A line-up went around the corner of 1048 Fifth Avenue, at 86th Street, as we waited in the cold for the security guards to let us in.
— No water bottles are allowed inside, they kept repeating.
Inside, a majestic cast iron staircase greeted us, on top of which Klimt’s face was centred & surrounded by his square muses.
—This way please, they gestured toward the ticket office. Coat check is on your way out, to the right, they said.
Upstairs, not sure which was more grand: Carrère & Hastings’ sky-high halls or Klimt’s square frames. Portrait of Adèle Bloch-Bauer I’s gold added to the richness of Roland S. Lauder’s rooms; stopped you from breathing, once; became decor, backdrop.
—No pictures, please, they firmly repeated.
Shanghai-based artist and designer Han Feng’s fashion ensembles inspired by Emilie Flöge’s reform dresses, as well as paper hats by artist Brett McCormack, adorned full-scale mannequins. Josef Hoffmann’s chairs looked larger in person.
Downstairs, we ended the visit at the bookstore, a converted library; the kind you see in old James Bond films, houses of American businessmen. Not sure what to look at first: the dark crown moulding, wood panelled walls, or the richly decorated books on Austrian art.
The latest exhibit, Gustav Klimt and the Women of Vienna’s Golden Age, closes on January 16, 2017.
Here is a description from the Neue Galerie website:
Klimt and the Women of Vienna’s Golden Age, 1900–1918
“This exhibition examines the Klimt’s sensual portraits of women as the embodiment of fin-de-siècle Vienna. The show is organized by Klimt scholar Dr. Tobias G. Natter, author of numerous publications about Gustav Klimt and the art of Vienna 1900, including the indispensable catalogue raisonnée of Klimt’s paintings, published in 2012. The Neue Galerie is the sole venue for the exhibition, which will be on view through January 16, 2017.

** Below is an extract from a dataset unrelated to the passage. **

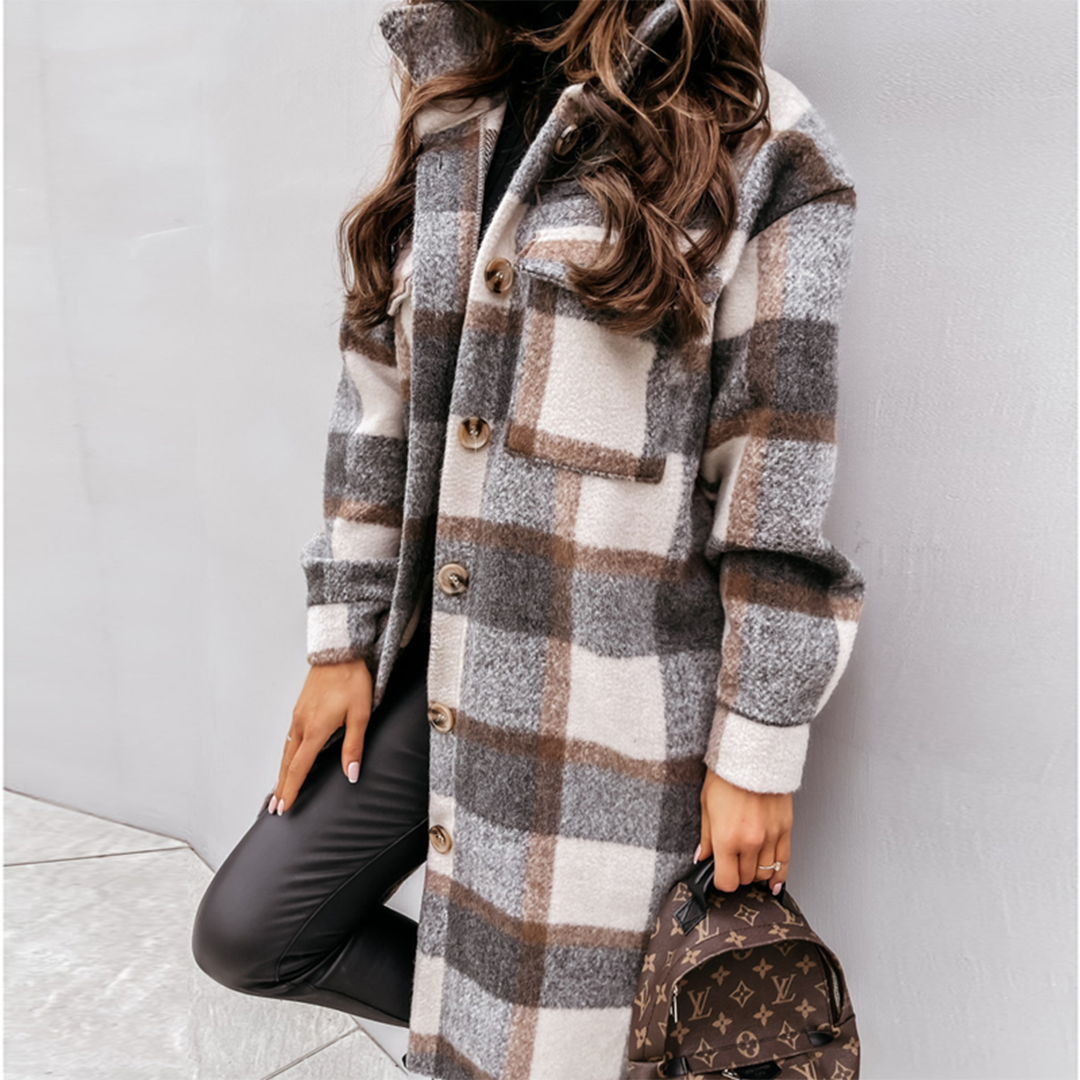 Oversized plaid shacket featuring a button front and chest pockets, designed for women, perfect for casual layering in a wool-style fabric. 1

The exhibition includes approximately 12 paintings, 40 drawings, 40 works of decorative art, and vintage photographs of Klimt, drawn from public and private collections worldwide. Central to the exhibition will be the display of Portrait of Adele Bloch-Bauer I (1907) and Portrait of Adele Bloch-Bauer II (1912), which are shown side-by-side for the first time since 2006. Adele Bloch-Bauer was an important Klimt patron and notably, the only subject the artist ever painted twice in full length.
…
Gustav Klimt (1862–1918) was a central figure in the cultural life of Vienna at the turn of the twentieth century, and provided a crucial link between nineteenth-century Symbolism and the beginning of Modernism. Klimt’s iconic Portrait of Adele Bloch-Bauer I (1907), on permanent display at the Neue Galerie, is accompanied by a significant group of preparatory drawings for the painting, which he created beginning in 1903. The show includes a unique historical reproduction (1951) of the mid-sixth century mosaic of Empress Theodora from the Basilica of San Vitale in Ravenna, Italy, which provided Klimt with an important point of inspiration for the first portrait of his patron Adele Bloch-Bauer.
A fully-illustrated catalogue, published by Prestel Verlag, accompanies the exhibition featuring contributions by leading scholars in the field, including Marian Bisanz-Prakken, Emily Braun, Carl Kraus, Jill Lloyd, Tobias G. Natter, Ernst Ploil, Elisabeth Schmuttermeier, Janis Staggs, Angela Völker, and Christian Witt-Dörring.”